The latter, ‘flagging’ information, is an important potential role for images, as one of the biggest concerns of the participants was how difficult it is to find relevant information in the leaflet – exactly why they were so appreciative of headings in the text, a finding that is supported by previous studies [41, 42]. In addition, one of the ways in which low-literate people said to obtain information on their medicine was to ask a caregiver or family member to read the PIL for them. In this way, images that highlight can work empowering, by allowing patients who cannot read to ask for specific information from their healthcare provider or caregiver based on what they can see in the pictogram.

Low-literate people also see a role for images to help remember information (9) that has been communicated previously. Many are dependent on information they receive orally, and visual confirmation can help to enhance their confidence in the knowledge they have.

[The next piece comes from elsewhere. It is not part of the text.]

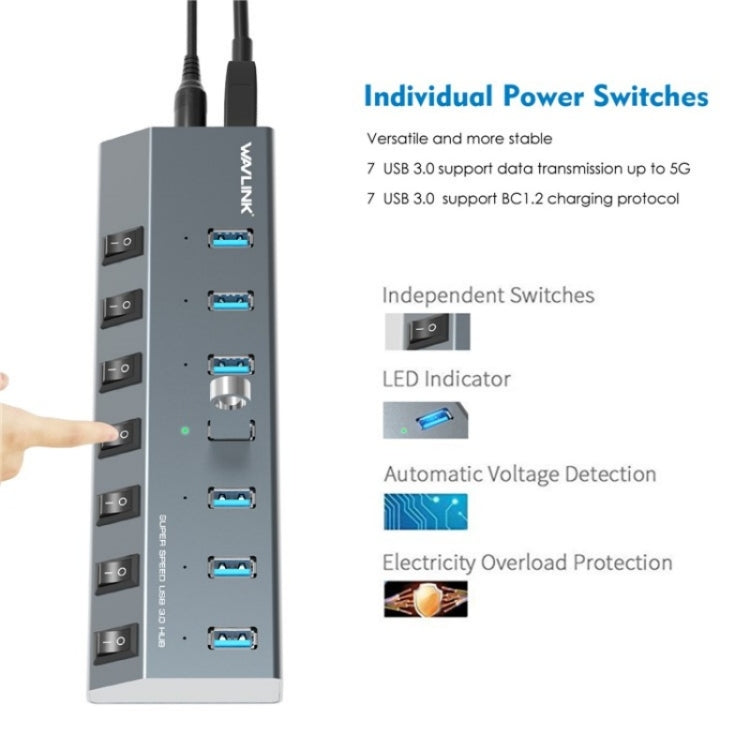 WAVLINK UH3076 5Gbps 7-port USB 3.0 Hub with Independent Switch and LED Indicator(EU Plug) - free shipping - PMC Jewellery - Order now!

Generalisations should be made with care, given the qualitative nature of this study, the convenience sampling, and the fact that the majority of the sample was female. Social stigmas [43] may prevent participants from being completely open about difficulties they experience. However, the instructor’s presence during the focus group sessions encouraged participants to openly contribute to the discussion. Even if participants were somewhat reserved in their answers, the results will underestimate the problem rather than overestimate it, and it is expected to have been of little influence on the way people responded about possible uses for visuals. Another limitation of the study is that in order to make the topics under discussion more approachable, it was necessary to show examples of both leaflets and visuals. The selection of these materials may have influenced how participants viewed the topic, so that they did not have full creative freedom in their answers. However, in every session it was attempted to start the conversation as open as possible, so that the authors feel that showing the examples was a necessary step to successfully engage in a participatory design process with low-literate end users.

Conclusions

People with low literacy experience barriers in communication via written drug information early on in the communication/persuasion process, i.e., at the stages of paying attention to the leaflet and maintaining interest in the message. These barriers can be lowered through the use of short, structured textual explanations, supported by images. This approach further has the potential to improve understanding of information and to empower the target group of low-literate patients. The outcomes of this study confirm the roles for images as described by EU-regulations on patient leaflets, i.e. images to highlight topics, aid navigation and clarity text (Article 62 of Directive 2001/83/EC), and suggest an equally important role for images to lower the motivational threshold for patients with low literacy to take interest in the information. By honouring the input of the target group in this very early stage of the design process, a resulting visual/textual intervention is more likely to match the information preferences and needs of people with low literacy, and may even have the empowering effect that participants of this study themselves describe.